Every booth laptop authenticates as the same POSTCARD_USER via the same RSA private key. No password (no rotation drift, no policy rejections), no browser flow (no per-attendee OAuth popups), no MFA prompts.
The private key is committed to the repo, so anyone with repo access (current or future) can use the booth credential. After each event, rotate:
# 1. Generate a fresh keypair
openssl genrsa 2048 | openssl pkcs8 -topk8 -inform PEM -out postcard_rsa.p8 -nocrypt
openssl rsa -in postcard_rsa.p8 -pubout -out postcard_rsa.pub
# 2. Copy the new public key body (between BEGIN/END PUBLIC KEY, no newlines)

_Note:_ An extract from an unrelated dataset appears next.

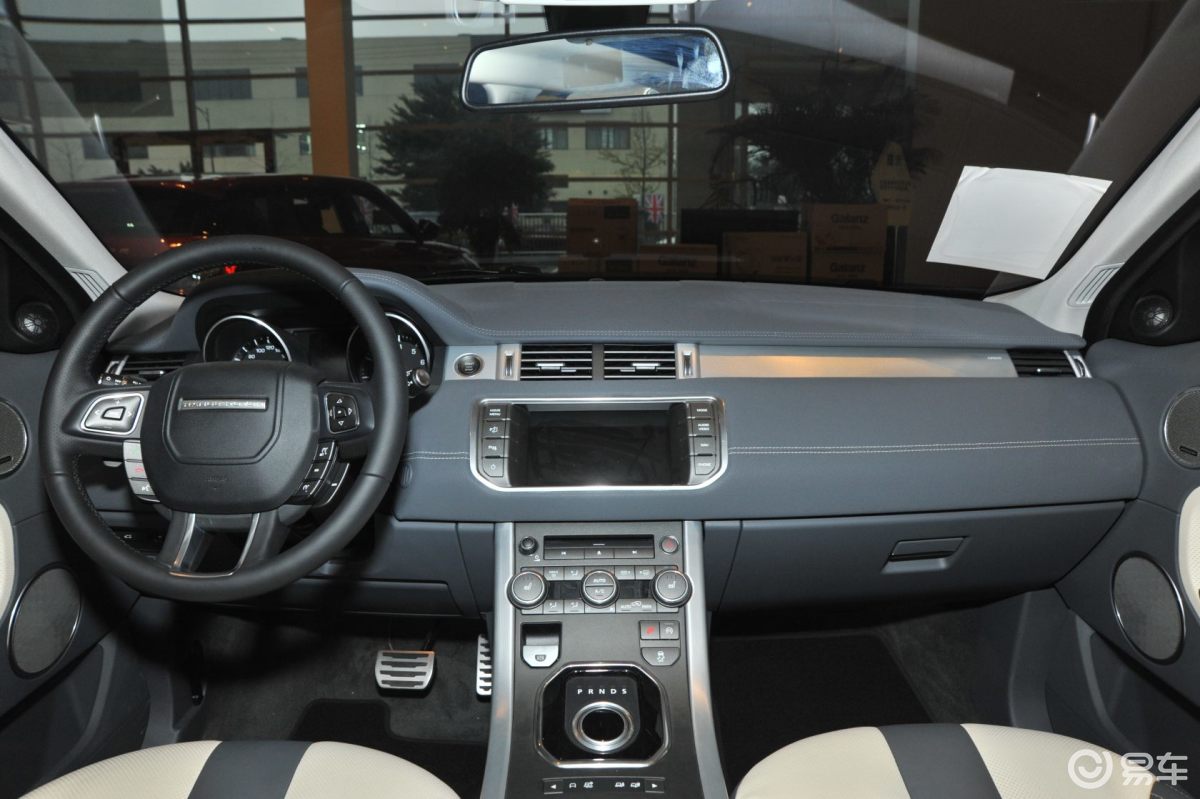 0t 5门耀动版中控台驾驶员方向汽车图片-汽车图片大全】-易车网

# into init_db.sql's ALTER USER ... SET RSA_PUBLIC_KEY = '...'
# 3. Push the new key to Snowflake (zero-downtime — Snowflake supports two
# active public keys per user via RSA_PUBLIC_KEY + RSA_PUBLIC_KEY_2)
snow sql -f init_db.sql
# 4. Commit + push the updated postcard_rsa.p8 / postcard_rsa.pub / init_db.sql
git add postcard_rsa.p8 postcard_rsa.pub init_db.sql && git commit -m "Rotate booth keypair"Old git history still contains the old key — if you need to invalidate it fully, run ALTER USER POSTCARD_USER UNSET RSA_PUBLIC_KEY after laptops are off the old key.
| Feature | Where Used |
|---|---|
ST_MAKEPOINT |
Build point geometry from lat/lon |
ST_DISTANCE |
Great-circle distance in metres → miles |
ST_MAKELINE |
Build LineString flight path |
GEOGRAPHY column type |
Stores the arc path in postcard_entries |
SNOWFLAKE.CORTEX.COMPLETE |
AI Q&A grounded in live data |
| Marketplace data | FREE_ZIPCODES_DB.PUBLIC.ZIP_CODE_META_SHARE (SFR Analytics) |
| MVCC | Safe concurrent INSERTs from all booth laptops |
The CLI uses mistral-large2 by default (widely available across regions). To change, edit cli_app.py → ask_cortex().
Database 'FREE_ZIPCODES_DB' does not exist or not authorized
→ Either the Marketplace listing isn't installed yet (step 1a), or it was installed under a different database name. Re-install and override the database name to exactly FREE_ZIPCODES_DB, and grant access to POSTCARD_ROLE.
JWT token is invalid when cli_app.py connects
→ The booth public key isn't registered on POSTCARD_USER. Re-run init_db.sql as ACCOUNTADMIN; check DESC USER POSTCARD_USER and confirm RSA_PUBLIC_KEY is set.
AI function COMPLETE is not available for trial accounts
→ Expected on trial accounts. The CLI auto-detects this and skips the Q&A step. To use Cortex, upgrade the Snowflake account.
Setup script fails with 'snow' CLI not found
→ Install with brew install snowflake-cli or pipx install snowflake-cli.
postcard command not found after running setup-laptop.sh
→ The alias was added to your rc file but the current shell didn't pick it up. Open a new terminal, or run source ~/.zshrc.